| Provided entries |
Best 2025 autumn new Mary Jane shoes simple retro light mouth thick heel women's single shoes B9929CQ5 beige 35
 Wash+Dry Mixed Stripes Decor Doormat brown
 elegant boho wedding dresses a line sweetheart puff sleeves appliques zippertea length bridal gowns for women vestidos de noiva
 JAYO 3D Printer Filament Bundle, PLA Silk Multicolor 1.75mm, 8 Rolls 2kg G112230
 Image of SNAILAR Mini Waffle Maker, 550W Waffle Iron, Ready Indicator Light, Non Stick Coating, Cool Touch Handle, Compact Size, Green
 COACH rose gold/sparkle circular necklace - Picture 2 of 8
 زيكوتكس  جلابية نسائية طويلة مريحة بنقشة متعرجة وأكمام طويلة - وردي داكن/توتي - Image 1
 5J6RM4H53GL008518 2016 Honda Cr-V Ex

| Your task |
Look through the data and show every line containing "Image".

| Output |
 Image of SNAILAR Mini Waffle Maker, 550W Waffle Iron, Ready Indicator Light, Non Stick Coating, Cool Touch Handle, Compact Size, Green
 زيكوتكس  جلابية نسائية طويلة مريحة بنقشة متعرجة وأكمام طويلة - وردي داكن/توتي - Image 1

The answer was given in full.